Regular, low-pressure contact keeps relationships earned, not extracted.

What “Reaching Out” Actually Means

This is not about spammy check-ins or LinkedIn platitudes.

A real reach-out is:

  • a short email saying you were thinking of them
  • a message congratulating them on a milestone
  • a quick “how are things going?” with no agenda
  • sharing an article that reminded you of a conversation
  • a coffee invitation—even if it does not happen immediately

Five minutes. Genuine. Human.

Why This Matters More Than Ever

We are in an era of:

  • remote work
  • transactional interactions
  • inbox overload
  • constant change

People remember who shows up without being prompted.

In fundraising especially, trust is built between campaigns—not during them. The same is true for leadership credibility, board relationships, and professional influence.

When a critical moment arrives—a leadership transition, a major gift conversation, a career pivot—it is too late to “reconnect.” You either have a relationship, or you do not.

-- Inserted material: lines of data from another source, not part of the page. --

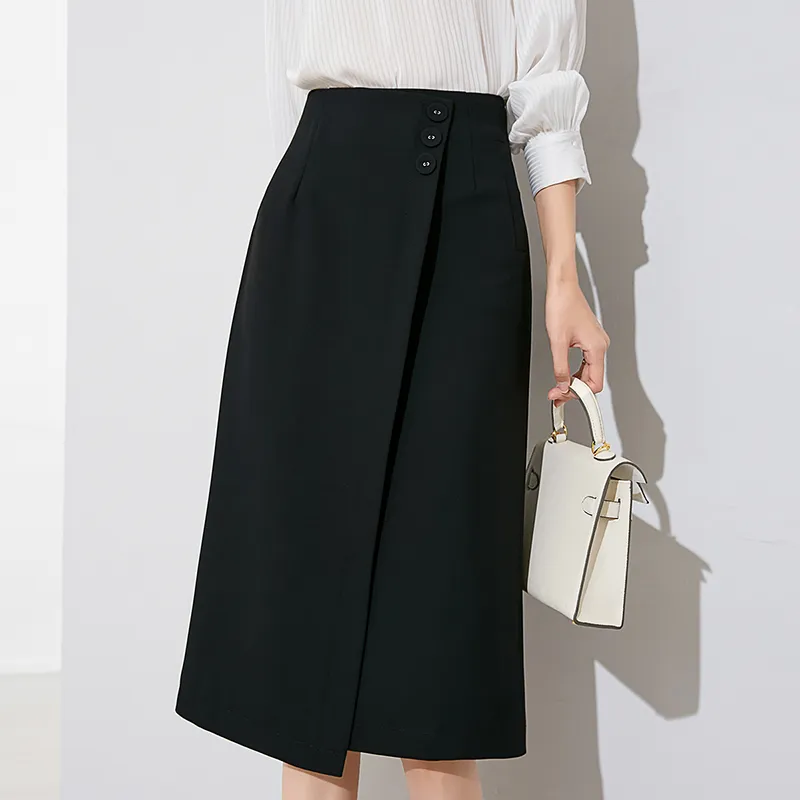 Late White Casual Long Skirts Women's Black-4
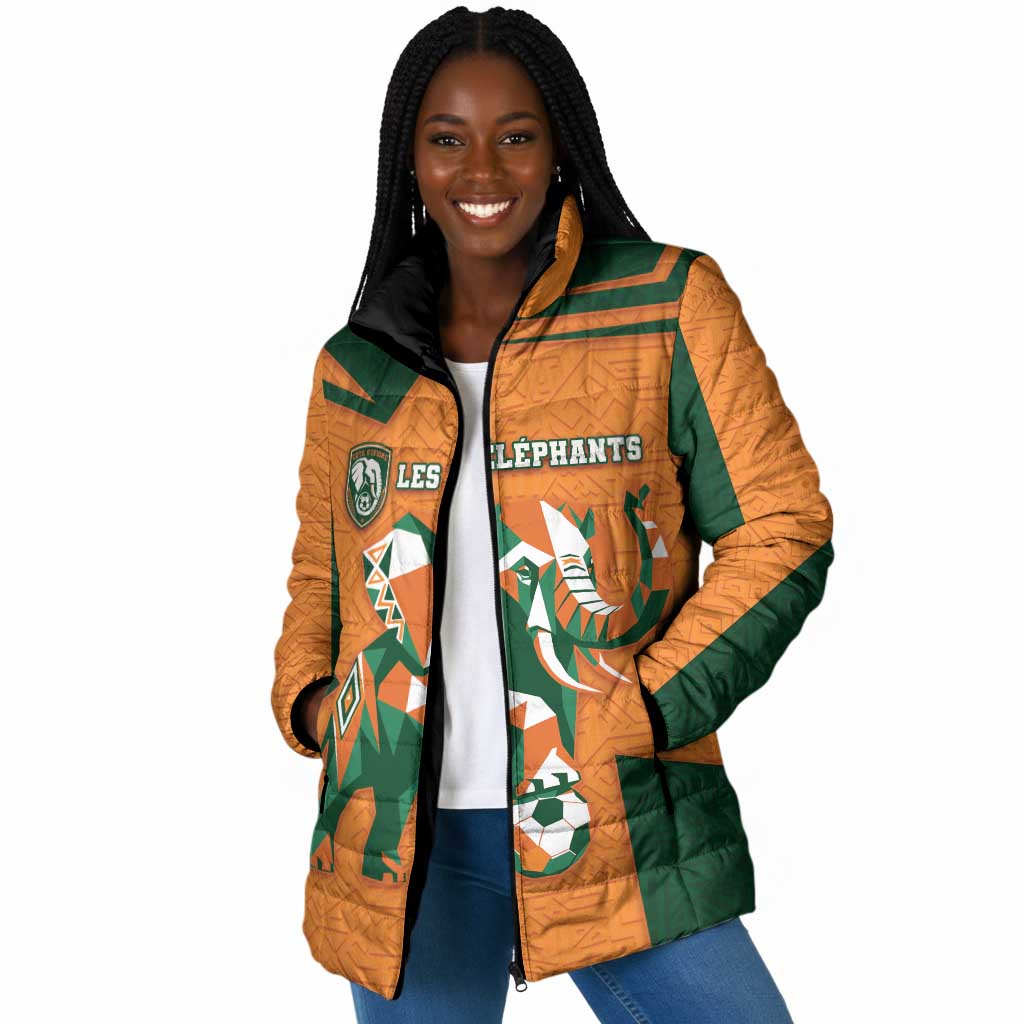 Custom Ivory Coast Football Padded Jacket Elephant Geometric African Art Style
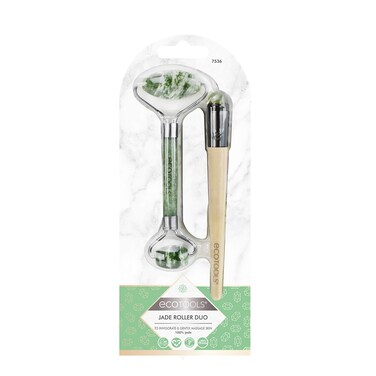 EcoTools Beauty Skin Care Tool Jade Facial Roller and Eye Roller Duo Face Roller and Massager Skincare and Sculpting Tool Reduces Under Eye Puffiness and Dark Circles 2 Piece Set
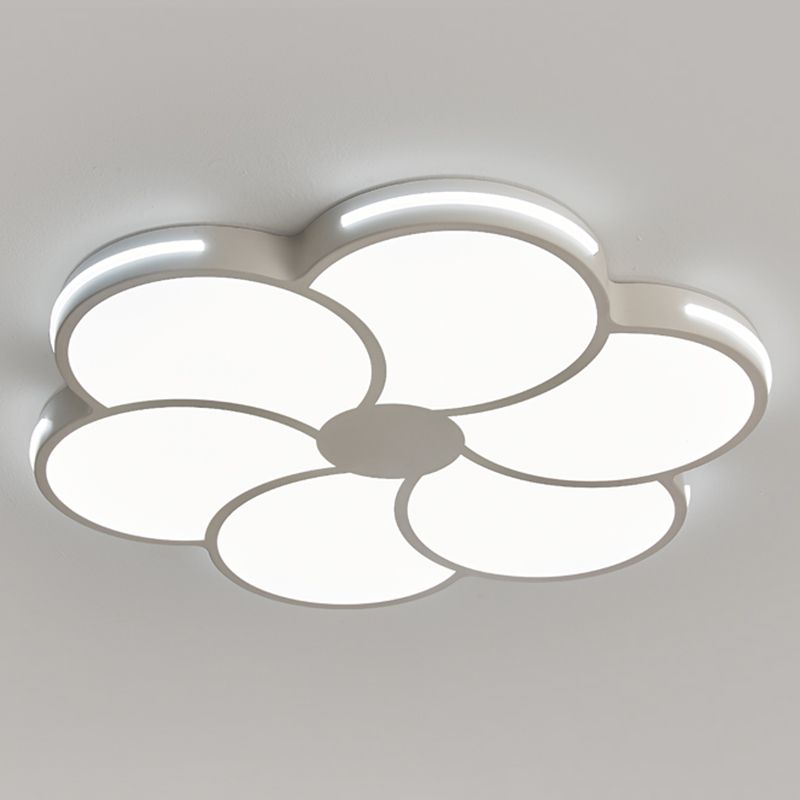 White Flower Ceiling Light Fixture Modernism LED Flush Mount for Bedroom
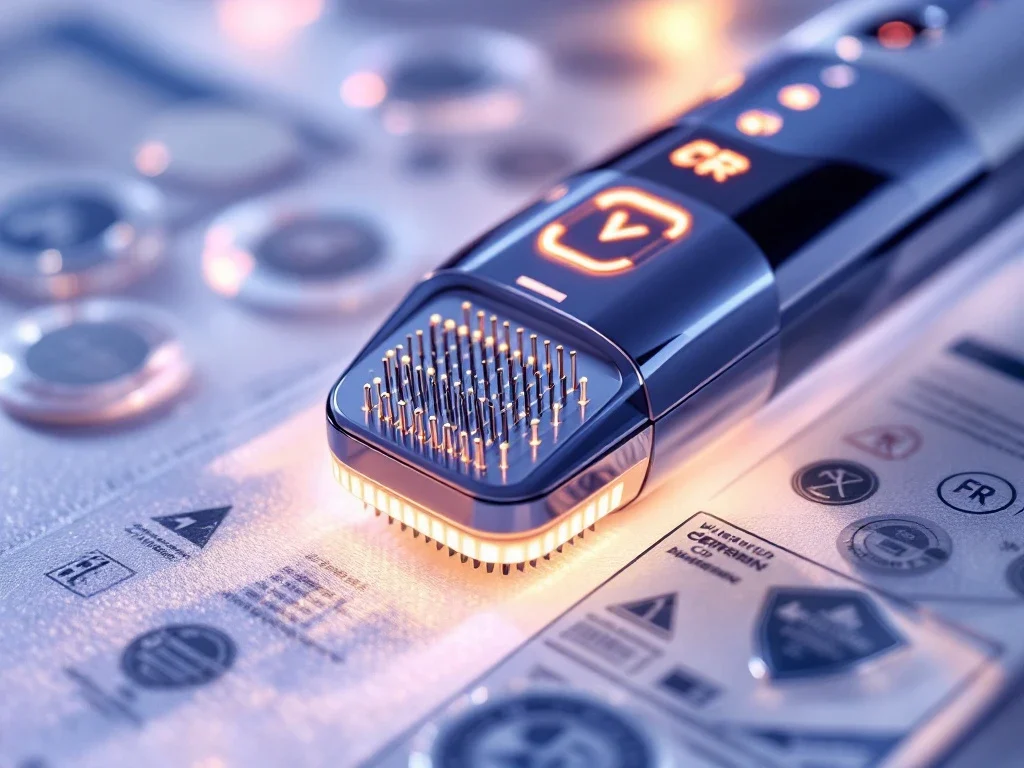 Professionele RF-microneedling apparaat met metalen naalden op steriele medische ondergrond met veiligheidscertificaten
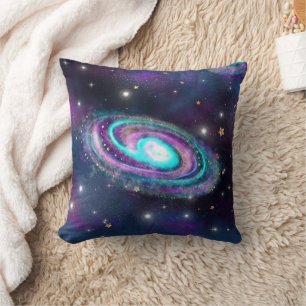 Milky Way Galaxy Kosmiblått Lila Rosa glöd Kudde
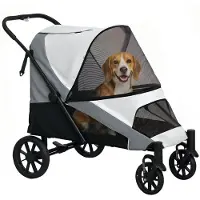 PawHut Hundewagen Polyester Stahl Grau 124L x 67B x 100H cm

Make It a Weekly Ritual, Not a Vague Intention

If you leave networking to chance, it will not happen.

Instead:

  • Block 20 minutes in your calendar every week
  • Keep a simple running list of people you want to stay connected with
  • Rotate between past colleagues, current peers, mentors, and emerging leaders
  • Track nothing more than the last time you reached out

This is old-school relationship management. It works because it always has.

The Payoff Is Long-Term—and Uneven by Design

Most reach-outs will not lead to anything immediately. That is the point.

The value shows up months or years later as:

  • unsolicited opportunities
  • trusted advice when you need it
  • advocates speaking on your behalf
  • doors opening without you knocking

Strong networks are not built in moments of urgency. They are built in quiet weeks like this one.

Reaching out to three people this week will not feel dramatic. It should not.

But done every week, it quietly separates professionals who are constantly scrambling from those who always seem one step ahead.

Pick three names. Send three messages. Do it again next week.

That is how real networks are built—and kept.